Am Riessersee ist es besser. Der Parkplatz garantiert kurze Wege. Ein wichtiger Aspekt um nicht noch mehr Zeit zu verlieren. Der Standort, Nord- oder Südseite? Südseite ist besser, unverstellter Blick. Kamera aufbauen. Wieviel Tilt und Shift braucht es, Belichtung ermitteln, Gelbfilter berücksichtigen, es muß schnell gehen. Stimmt die Einstellung, die Perspektive? Die Euphorie steigt, es ist vielversprechend. Auslöser ran, nochmal alles checken, Licht passt. Zufrieden, hoffentlich keinen Fehler gemacht.
Der Abend klingt aus. Resümieren ob wir nicht doch früher hätte starten sollen. Egal, es war so wie es war.
Zuhause. Bloß keinen Fehler im Labor machen, es wäre schade um die Bilder. Der Entwickler ist schon etwas alt. Ein Frischer steht nicht zur Verfügung. Die Entwicklertrommel dreht sich. Das notorische Geräusch, magisch. Entwickeln, Stoppen, Wässern, Fixieren, viel Wässern und Trocknen. Der SchwarzWeiss Prozess ist einfach, aber Sorgfalt zahl sich aus. Jede Graustufe zählt.

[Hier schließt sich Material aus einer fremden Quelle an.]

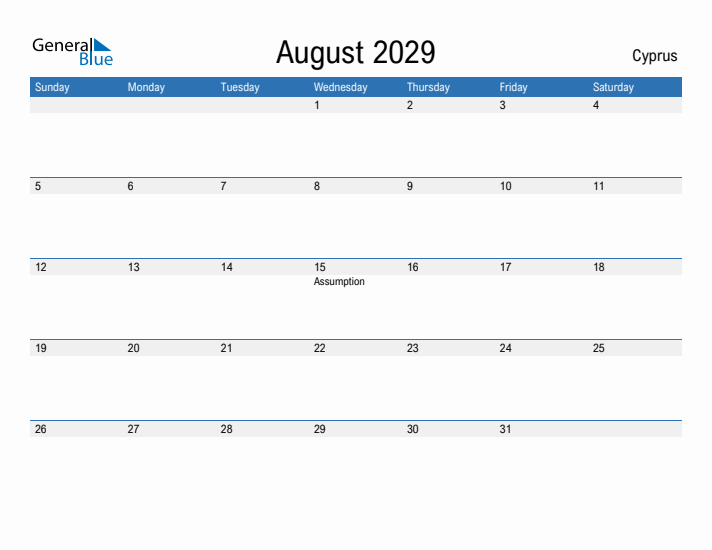 Fillable August 2029 Calendar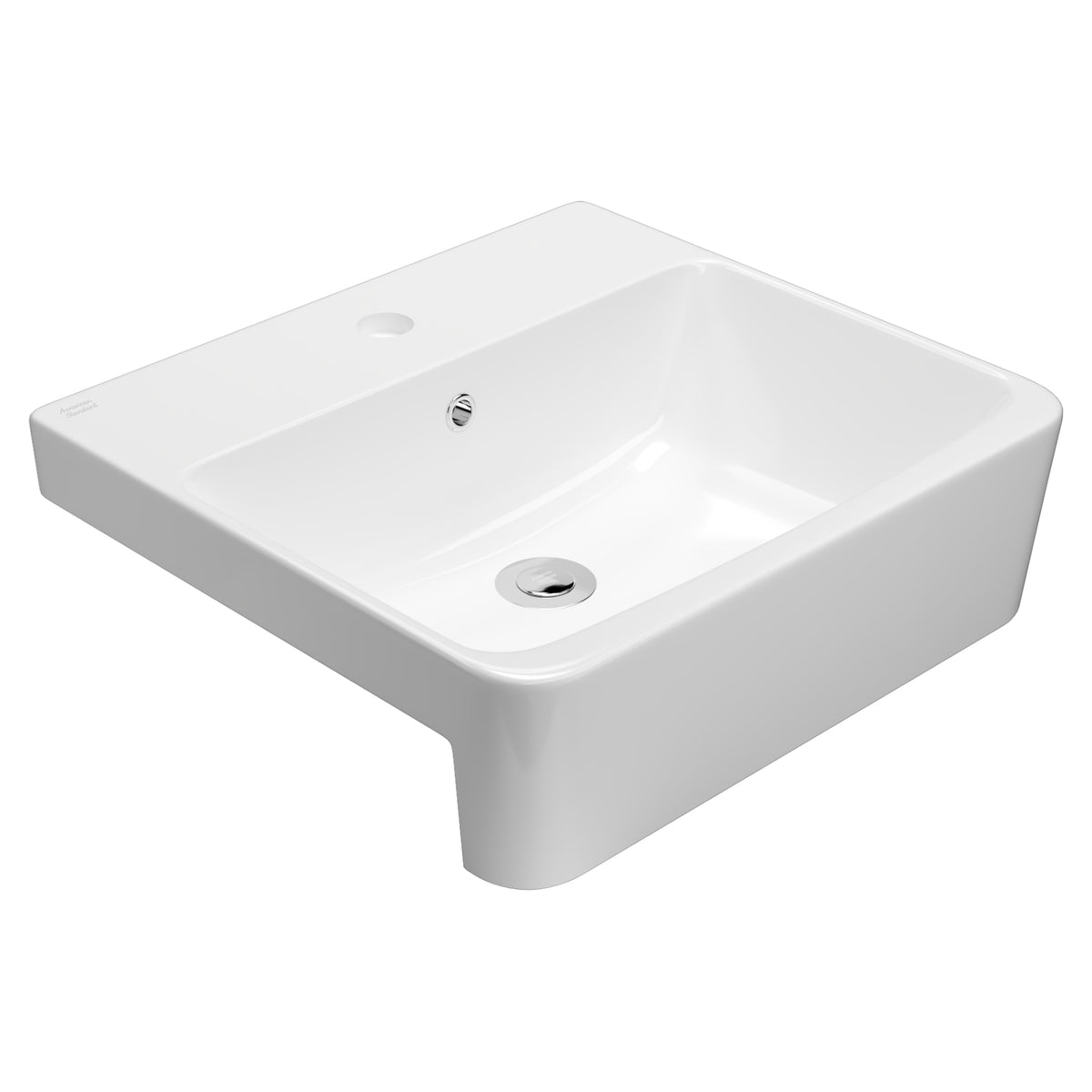 AMERICAN STANDARD HERON SQUARE SEMI RECESSED BASIN OVERFLOW WHITE 500MM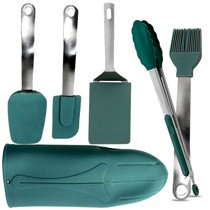 Cj. Espátulas + Luva + Pinça + Pincel 6 pçs Verde La Cuisine - Código: 108230529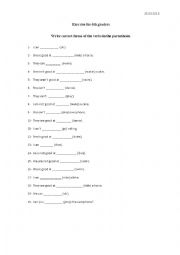 English Worksheet: can- be able to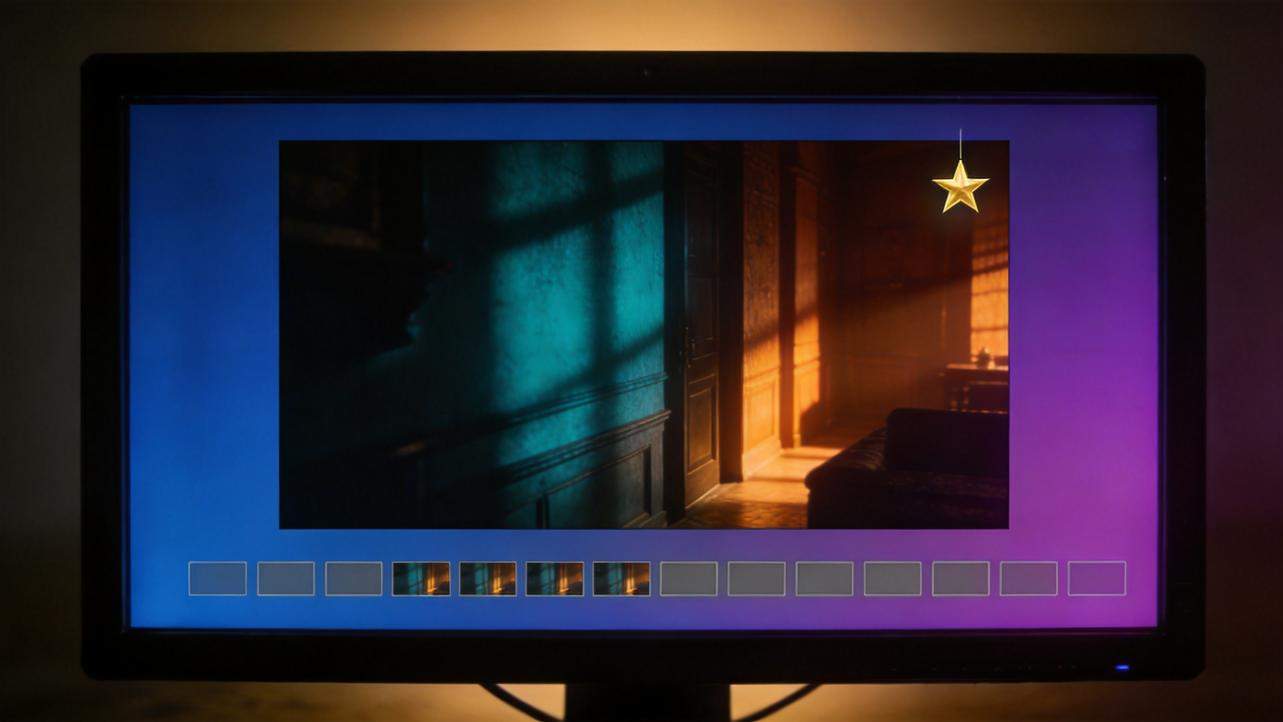 Video editor with a teal-and-orange clip preview and color swatches below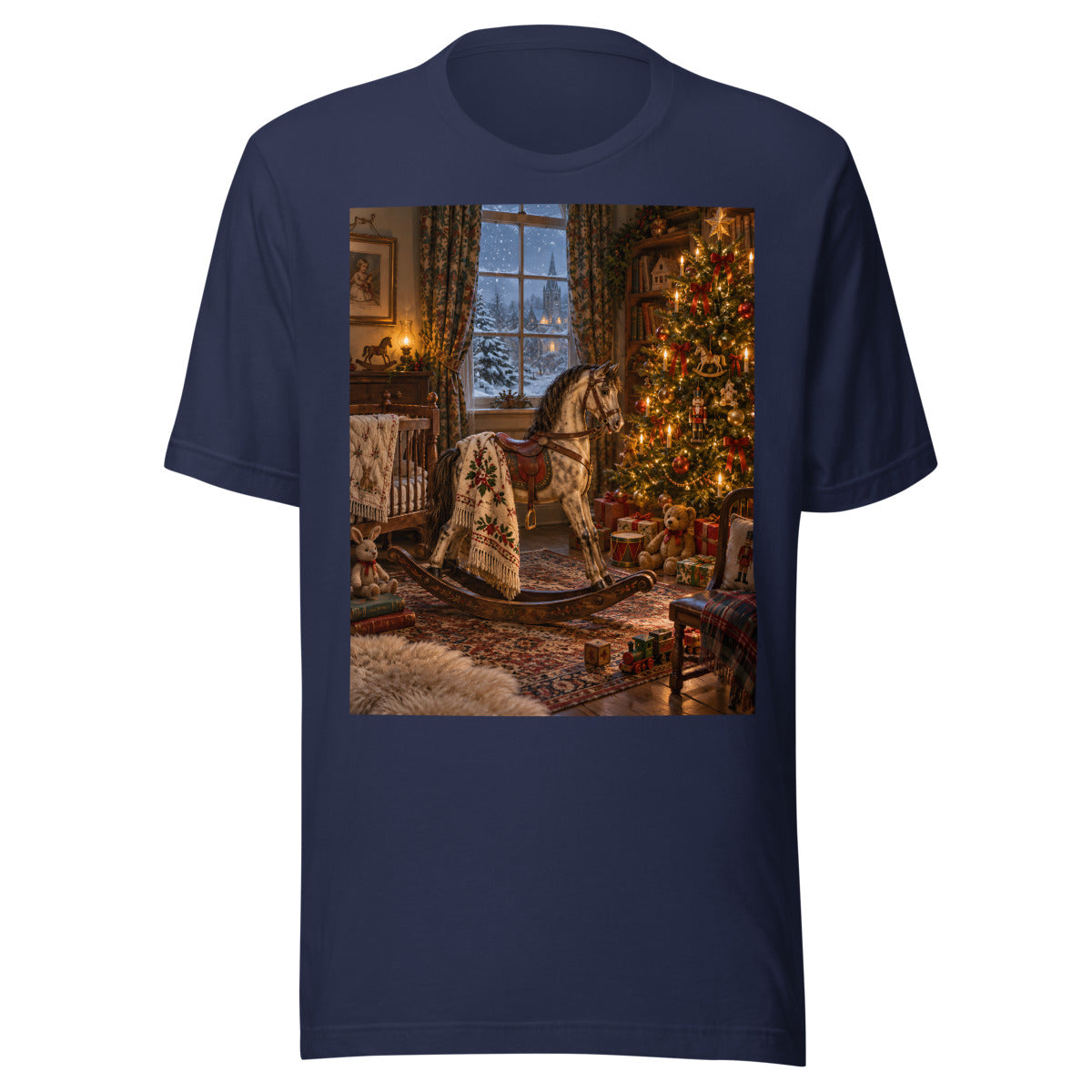 Schaukelpferd am Weihnachtsbaum – T-Shirt – großer Frontdruck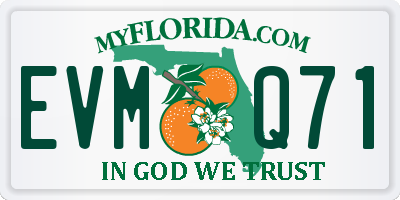 FL license plate EVMQ71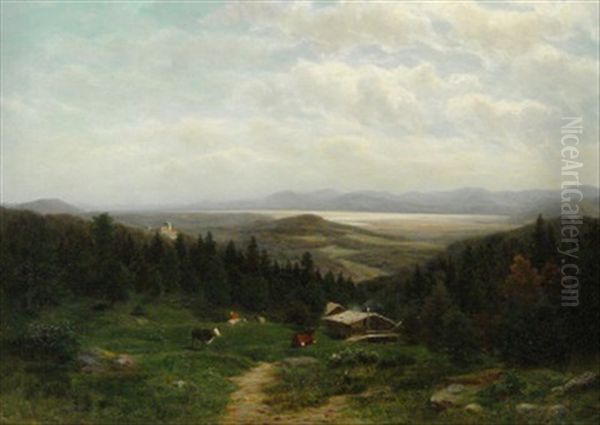 Blick Von Frasdorf Auf Den Chiemsee Oil Painting by Wilhelm Brandenburg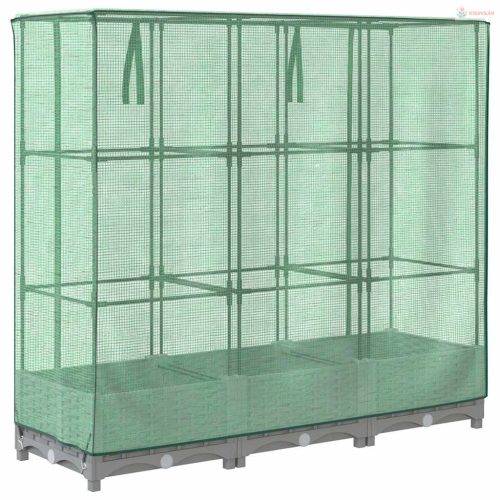 Rattan megjelenésű magaságyás melegháztakaróval 120x40x123 cm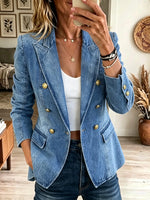 Women's Double-Breasted Tailored Denim Blazer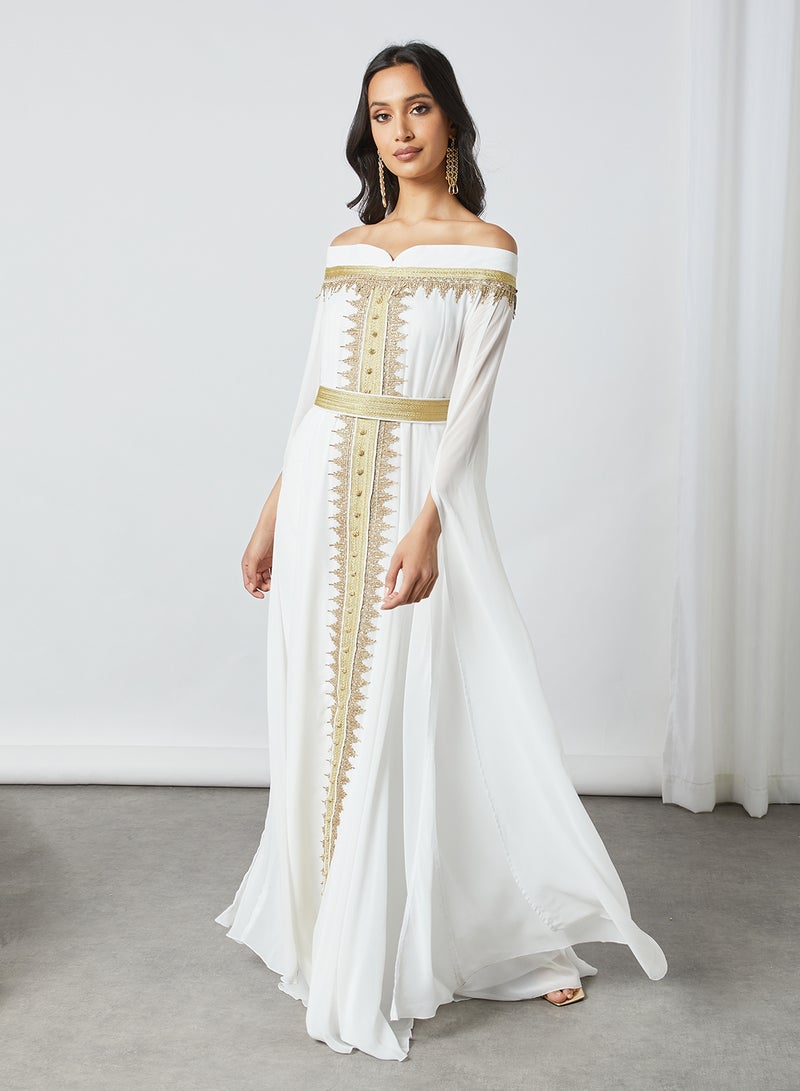 Hayat - Off Shoulder Cape Sleeve Moroccan Kaftan White/Gold - Image 1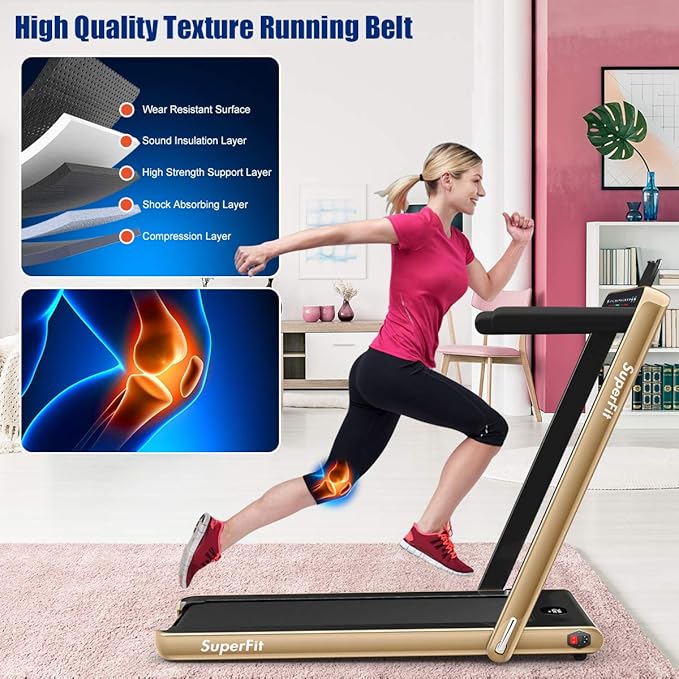 GYMAX Walking Pad, 2.25HP Dual Display Foldable Treadmill for Home with Remote/Smart App Control, Portable Compact Treadmill for Office Under Desk, Folding Running Machine for Small Spaces-StrideForce Fitness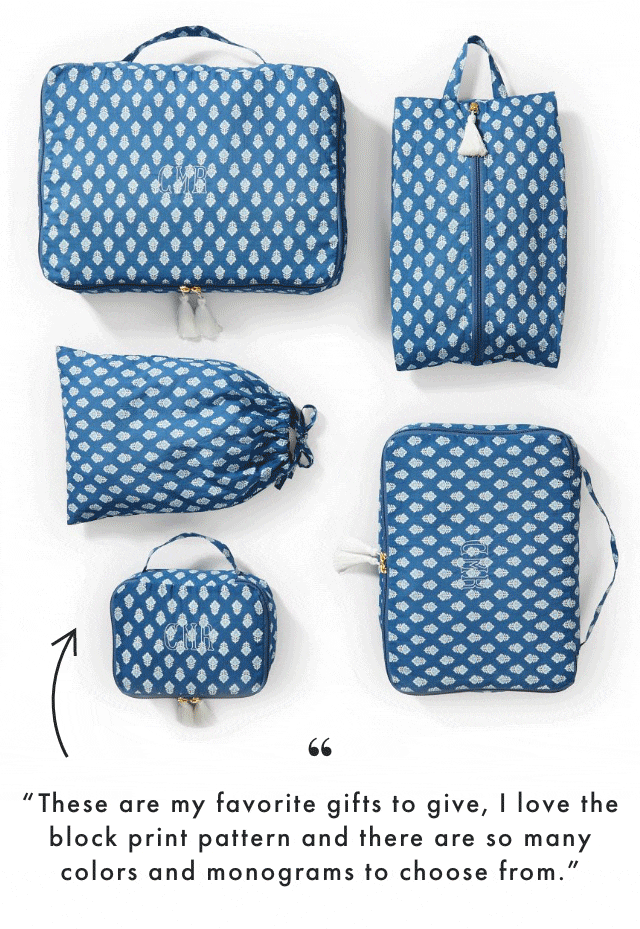 "These are my favorite gifts to give, I love the block print pattern and there are so many colors and monograms to choose from."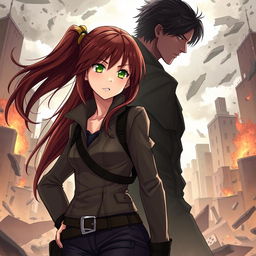 A fantasy illustration of a girl with long, flowing brown hair, standing confidently in a dynamic pose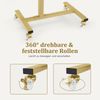 BarberPub Beistelltisch mit Rollen, Pflegetisch Höhenverstellbar, Salon-Tablettwagen Gold, Betttisch C Form, Friseurwagen, Wohnzimmer, 40 x 60 x 72/97cm, 2832(Schwarz-Gold) Bild 5
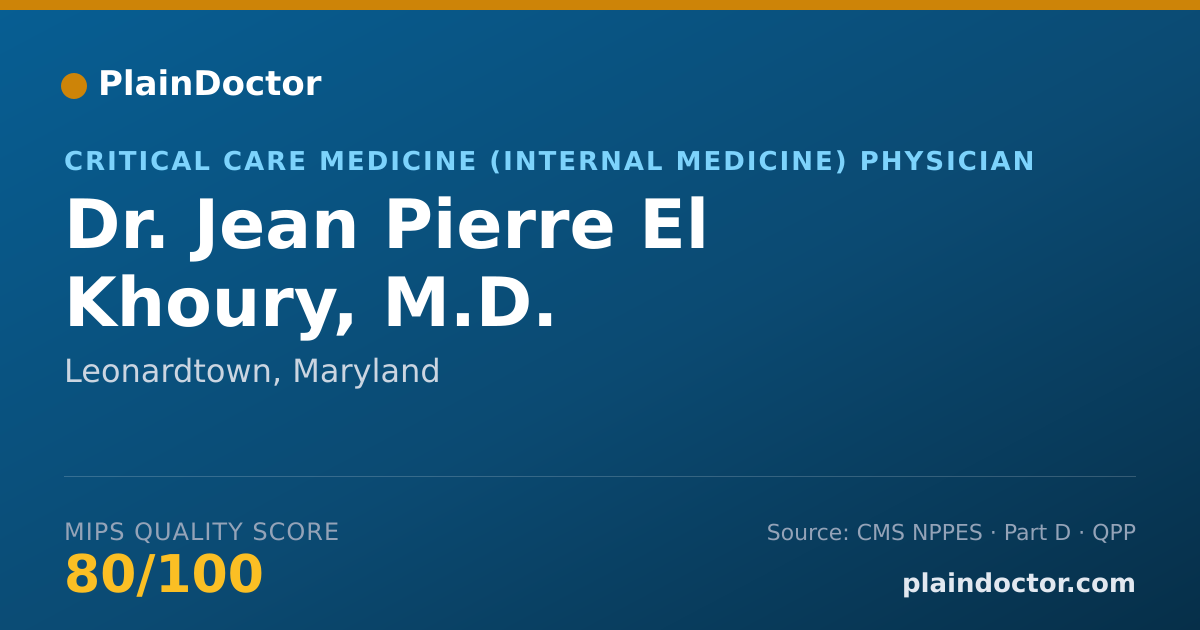 Shareable card for Jean Pierre El Khoury, M.D. - Critical Care Medicine (Internal Medicine) Physician, Leonardtown, MD
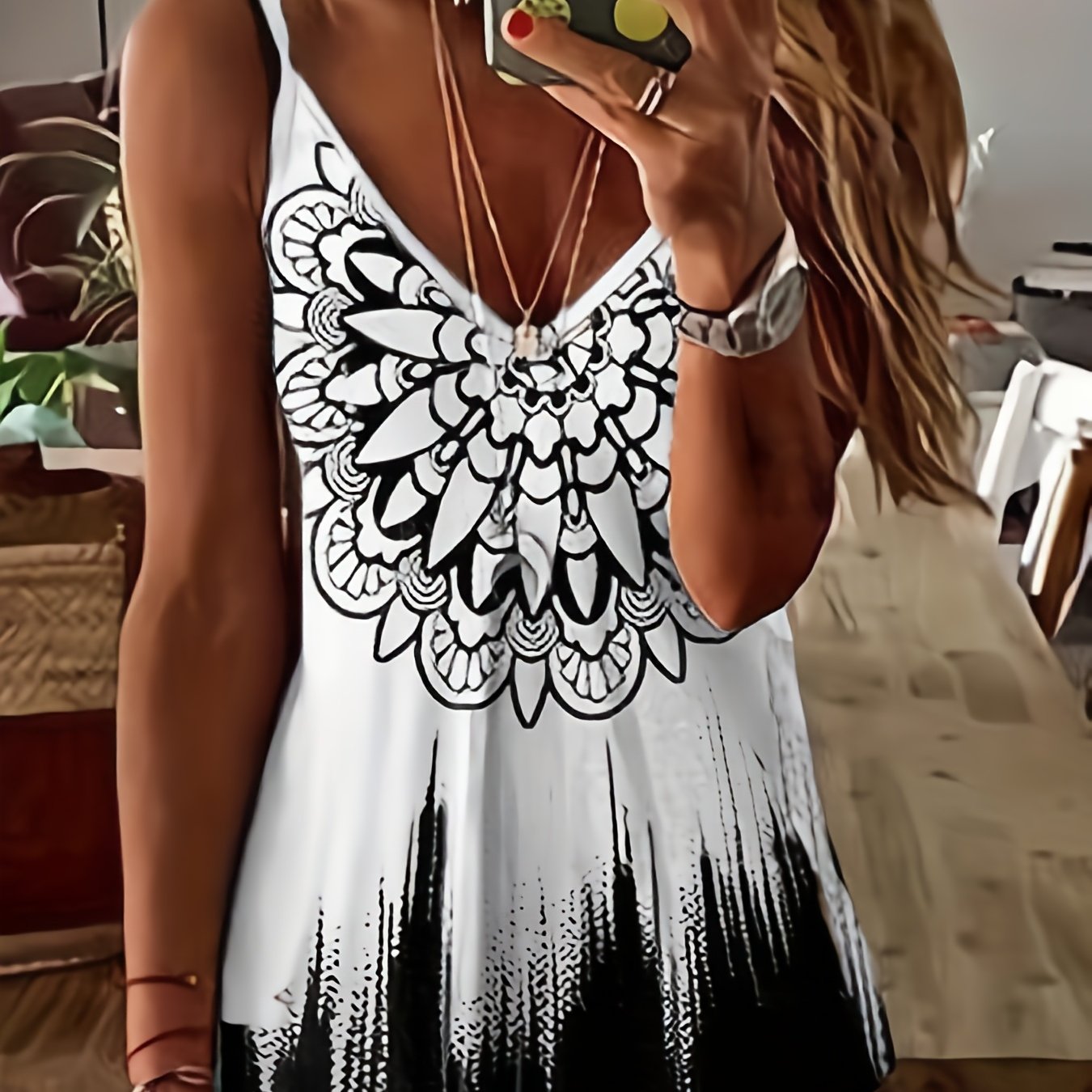  Colorblock Floral Cami Top V Neck 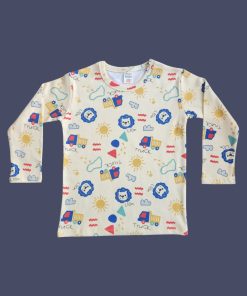 Alternative view of Uzun Kollu Sarı Aslan Desenli Pijama Takım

Die Negative sehen gut aus, es hat geklappt. 2 Tage trocknen, dann sind sie härter. Der Scanner mag das. Der Rest ist PC-arbeit. Das erste Arbeitsergebnis schlecht. Ich sendete es an Freunde. Kopf schütteln. Wusste ich selber. Nochmal, neuer Ansatz, neue Einstellungen. Endlich ist das Licht da, nur leicht aber schön. Dafür mache ich es. Schicken an Freunde. Wohlwollendes Feedback. Es geht noch besser, da und dort. Reicht die Qualität für die Bilderwand? Wir werden sehen.